In France, the highest court ruled in 2013 that a purchase agreement was invalid because the customer database that was part of the deal had not been registered with the privacy supervisory authority. In Germany, the higher regional court of Hamburg (Oberlandesgericht Hamburg) decided that a company should not gain a lead on its competitors by giving customers insufficient information about the use of their data. In this case, a producer of blood sugar tests had provided free tests without stating what it would do with the data collected. As in another similar German case, the court ruled that competitors may directly invoke the privacy rules and can accordingly block such promotional campaigns. And when the European General Data Protection Regulation is adopted, an additional sanction will be available: depending on the final text of the Regulation, fines of up to EUR 100 million or 5% of the company’s annual worldwide turnover, whichever is higher, can be imposed.

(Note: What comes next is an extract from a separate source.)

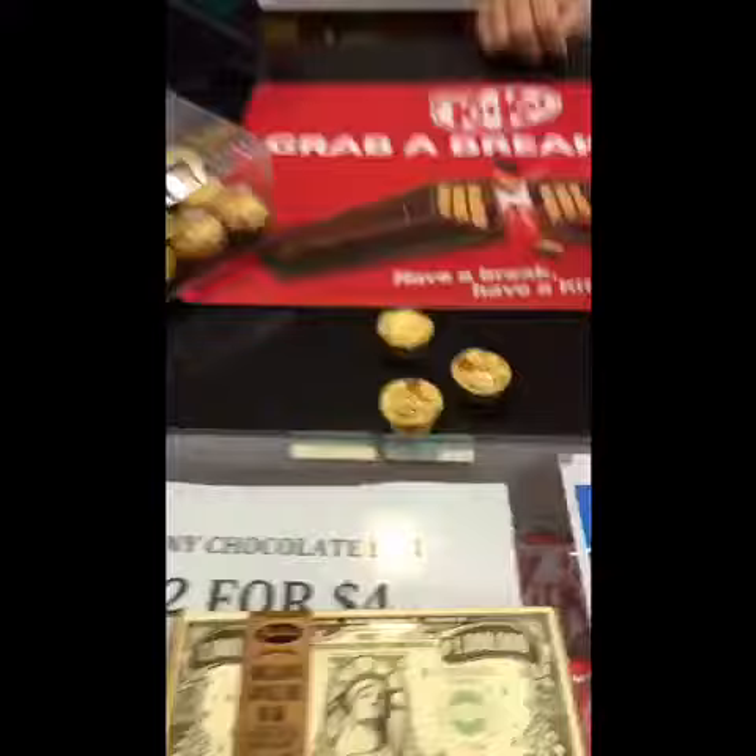This guy just told me I can use Bitcoin to buy anything in this supermarket. That's incredible — that is so incredible.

Insurers should be careful in launching personal investigations when they suspect fraud. The Supreme Court leaves little scope to use evidence obtained in breach of privacy rules, whether the evidence is its own or not. The Supreme Court’s ruling is in line with a clear European trend. Violation of privacy rules, irrespective of whether it is committed in an employment, insurance, commercial or competition context, could cause ever more serious problems for data controllers.